## Required action
Give back an exact copy of the lines in the records below, from the line that has "Gold necklace with" through the line that has "Whole white champignon", and nothing besides.

## Study material
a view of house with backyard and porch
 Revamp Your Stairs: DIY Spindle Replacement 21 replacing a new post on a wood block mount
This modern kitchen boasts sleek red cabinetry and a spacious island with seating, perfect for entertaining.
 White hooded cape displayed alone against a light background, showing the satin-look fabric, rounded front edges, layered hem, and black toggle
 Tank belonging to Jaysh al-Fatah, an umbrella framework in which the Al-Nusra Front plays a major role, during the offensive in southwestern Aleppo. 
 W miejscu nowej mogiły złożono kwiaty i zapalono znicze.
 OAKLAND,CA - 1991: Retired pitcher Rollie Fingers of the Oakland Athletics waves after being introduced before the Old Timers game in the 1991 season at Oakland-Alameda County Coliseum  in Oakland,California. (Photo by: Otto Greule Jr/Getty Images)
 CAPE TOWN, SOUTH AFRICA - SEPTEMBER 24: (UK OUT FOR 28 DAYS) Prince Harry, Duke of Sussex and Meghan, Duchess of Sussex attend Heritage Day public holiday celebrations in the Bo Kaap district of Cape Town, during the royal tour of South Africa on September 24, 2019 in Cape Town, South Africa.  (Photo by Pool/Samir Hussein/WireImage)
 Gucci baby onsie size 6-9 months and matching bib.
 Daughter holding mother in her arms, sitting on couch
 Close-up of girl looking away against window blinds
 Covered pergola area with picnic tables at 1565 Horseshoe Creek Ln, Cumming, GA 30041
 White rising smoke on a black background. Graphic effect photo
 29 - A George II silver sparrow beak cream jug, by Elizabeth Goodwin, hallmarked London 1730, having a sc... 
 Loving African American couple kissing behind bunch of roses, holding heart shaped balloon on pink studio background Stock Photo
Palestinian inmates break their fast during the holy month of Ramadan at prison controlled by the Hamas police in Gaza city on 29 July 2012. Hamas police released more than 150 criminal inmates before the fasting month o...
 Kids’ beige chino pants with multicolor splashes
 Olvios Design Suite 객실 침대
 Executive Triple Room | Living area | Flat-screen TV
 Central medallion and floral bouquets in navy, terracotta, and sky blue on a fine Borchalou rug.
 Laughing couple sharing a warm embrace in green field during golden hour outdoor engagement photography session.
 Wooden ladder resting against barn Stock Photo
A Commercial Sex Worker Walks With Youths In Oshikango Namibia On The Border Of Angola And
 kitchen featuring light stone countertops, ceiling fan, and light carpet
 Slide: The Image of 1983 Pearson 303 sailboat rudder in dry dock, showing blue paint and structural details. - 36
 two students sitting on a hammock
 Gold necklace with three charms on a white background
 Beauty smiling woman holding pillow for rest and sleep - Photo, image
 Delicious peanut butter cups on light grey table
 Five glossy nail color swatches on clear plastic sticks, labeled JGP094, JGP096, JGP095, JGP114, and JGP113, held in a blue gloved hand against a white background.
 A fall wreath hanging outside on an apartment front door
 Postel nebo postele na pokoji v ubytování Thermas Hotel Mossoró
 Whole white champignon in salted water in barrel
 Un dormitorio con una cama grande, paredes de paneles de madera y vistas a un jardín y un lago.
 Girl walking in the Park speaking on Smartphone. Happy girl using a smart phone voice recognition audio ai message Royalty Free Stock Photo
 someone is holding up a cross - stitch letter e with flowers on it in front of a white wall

## Answer for the task
 Gold necklace with three charms on a white background
 Beauty smiling woman holding pillow for rest and sleep - Photo, image
 Delicious peanut butter cups on light grey table
 Five glossy nail color swatches on clear plastic sticks, labeled JGP094, JGP096, JGP095, JGP114, and JGP113, held in a blue gloved hand against a white background.
 A fall wreath hanging outside on an apartment front door
 Postel nebo postele na pokoji v ubytování Thermas Hotel Mossoró
 Whole white champignon in salted water in barrel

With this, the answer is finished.